▶ _What you have to do_
Once you reach the line with "Buy Bosch 0986479196" below, copy each line exactly, stopping after the line with "mika aleksic zrtve", and skip any pictures.

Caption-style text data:
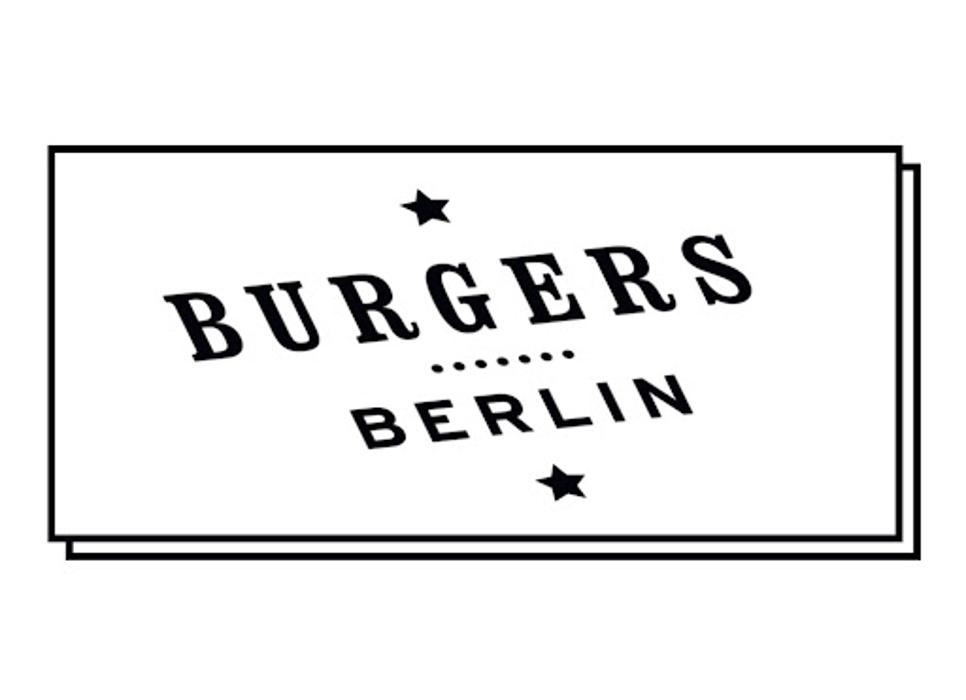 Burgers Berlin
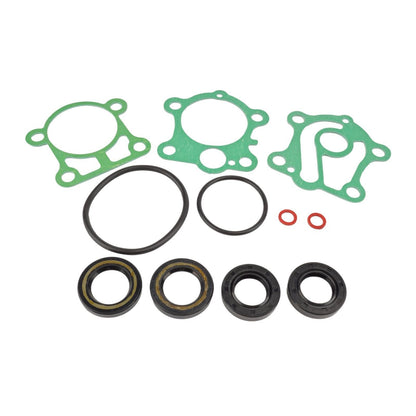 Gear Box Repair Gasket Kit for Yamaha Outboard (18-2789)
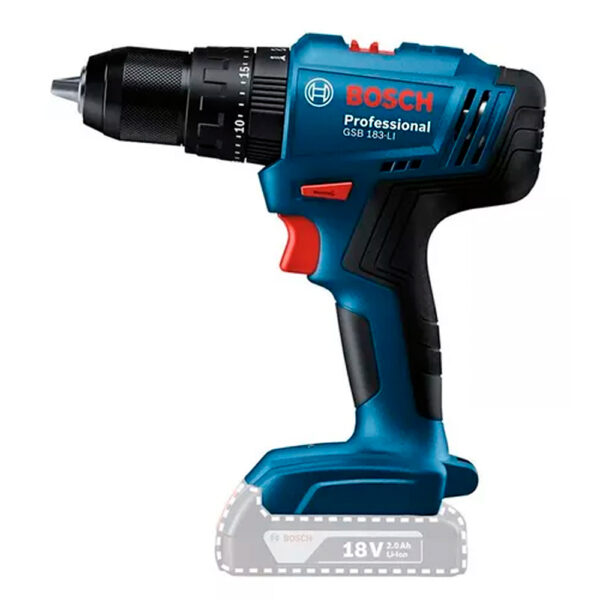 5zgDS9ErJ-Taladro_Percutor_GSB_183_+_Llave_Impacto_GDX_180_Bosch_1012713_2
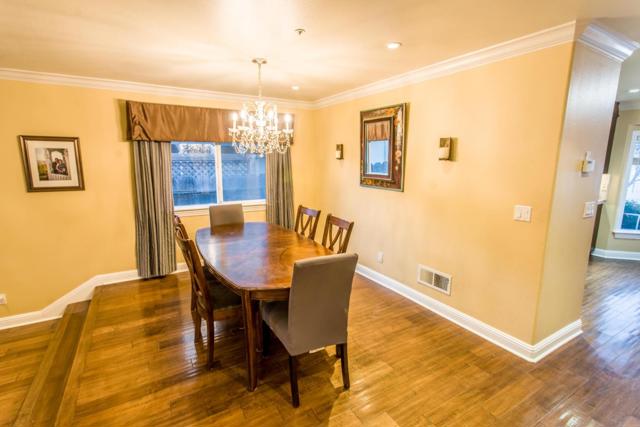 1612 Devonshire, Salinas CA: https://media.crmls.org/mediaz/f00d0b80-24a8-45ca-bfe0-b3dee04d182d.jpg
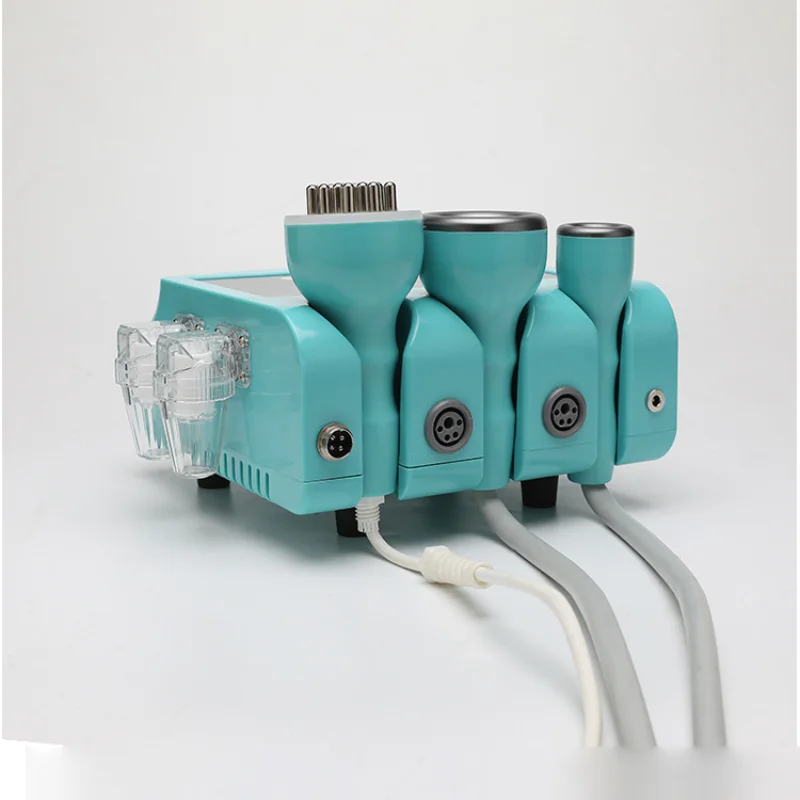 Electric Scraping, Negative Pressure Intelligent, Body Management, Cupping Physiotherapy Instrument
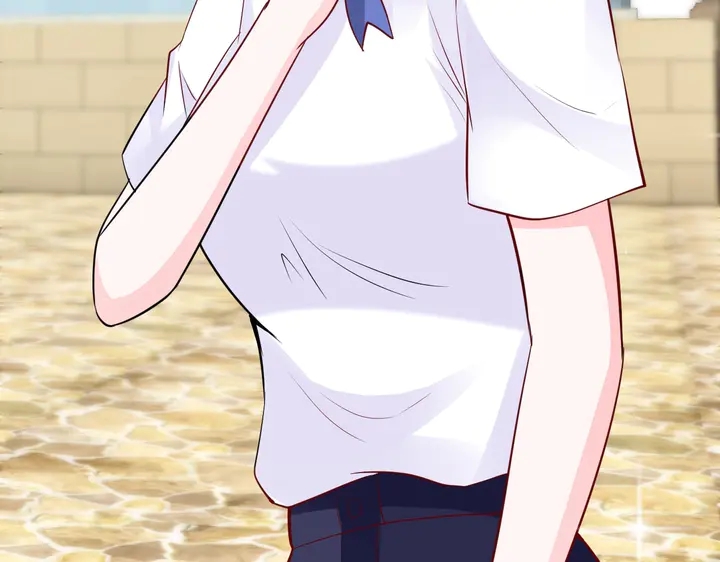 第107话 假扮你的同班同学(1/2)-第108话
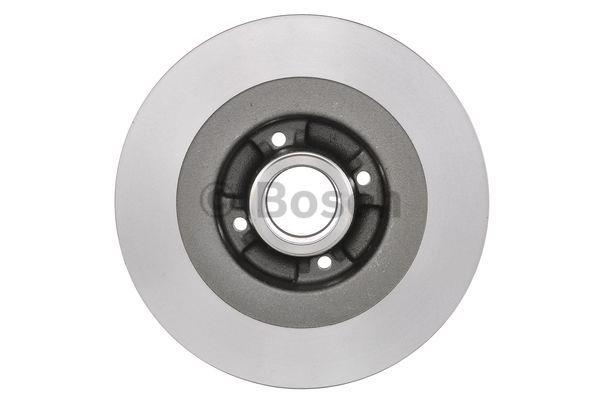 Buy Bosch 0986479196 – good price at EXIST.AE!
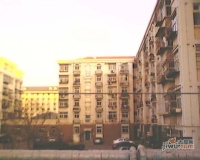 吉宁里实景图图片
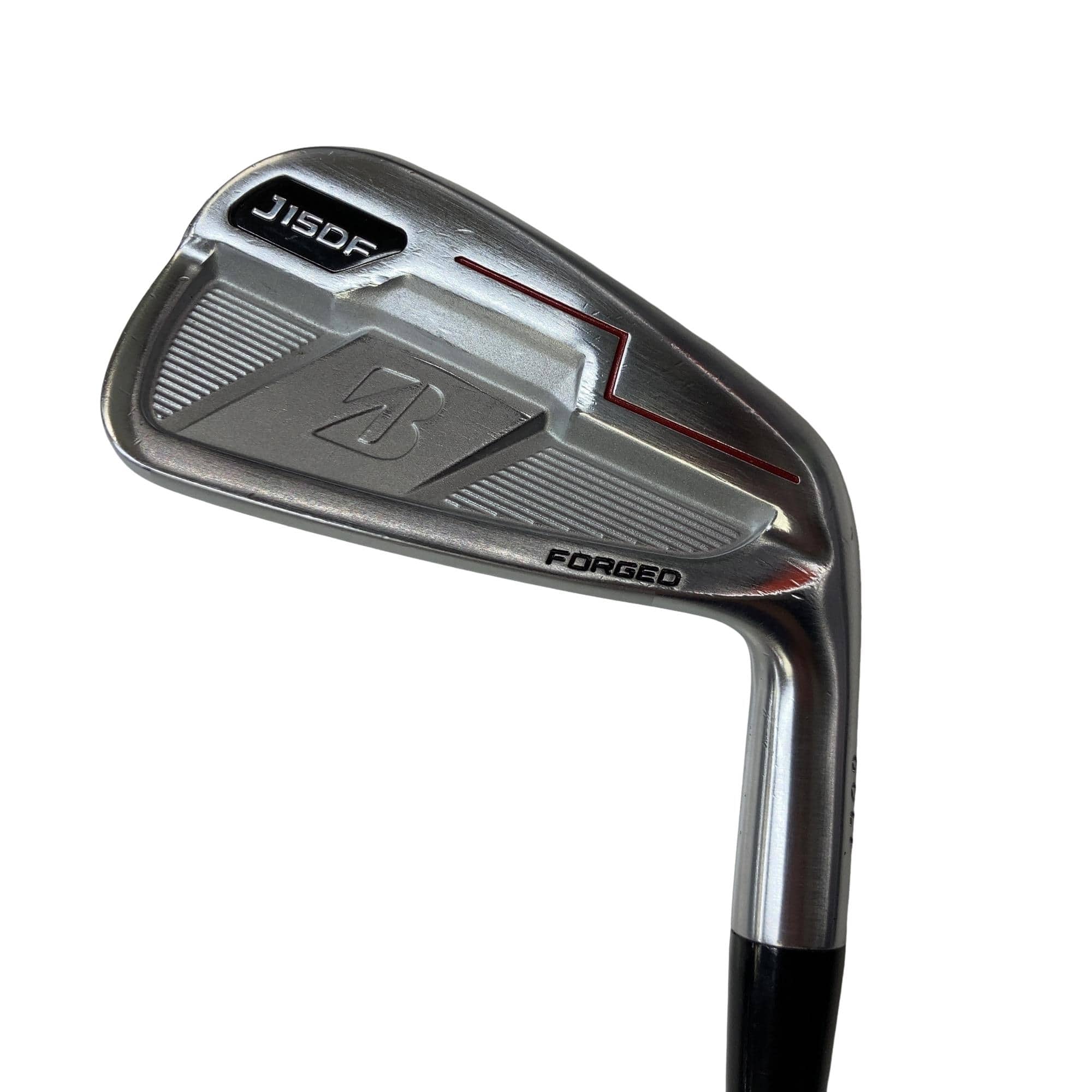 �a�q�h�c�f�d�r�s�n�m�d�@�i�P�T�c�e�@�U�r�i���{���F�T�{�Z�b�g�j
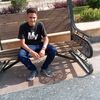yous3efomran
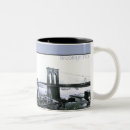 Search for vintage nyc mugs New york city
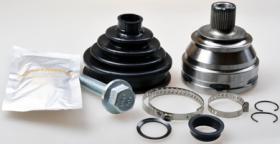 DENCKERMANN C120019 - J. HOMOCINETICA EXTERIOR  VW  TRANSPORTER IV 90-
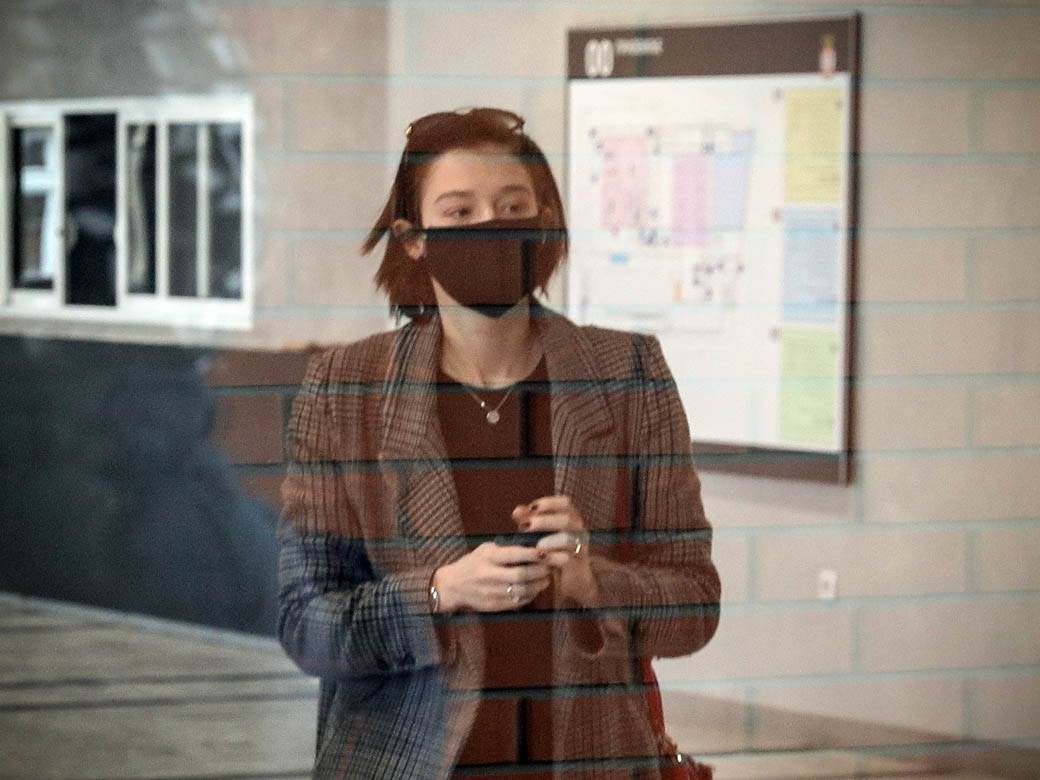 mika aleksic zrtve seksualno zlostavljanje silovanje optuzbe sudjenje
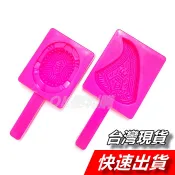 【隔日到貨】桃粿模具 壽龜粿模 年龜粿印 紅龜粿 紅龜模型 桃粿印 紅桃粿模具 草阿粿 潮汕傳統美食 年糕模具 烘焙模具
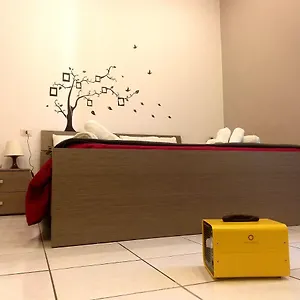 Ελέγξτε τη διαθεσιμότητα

▶ _Result of the task_
 Buy Bosch 0986479196 – good price at EXIST.AE!
 吉宁里实景图图片
 �a�q�h�c�f�d�r�s�n�m�d�@�i�P�T�c�e�@�U�r�i���{���F�T�{�Z�b�g�j
yous3efomran
 Search for vintage nyc mugs New york city
 DENCKERMANN C120019 - J. HOMOCINETICA EXTERIOR  VW  TRANSPORTER IV 90-
 mika aleksic zrtve seksualno zlostavljanje silovanje optuzbe sudjenje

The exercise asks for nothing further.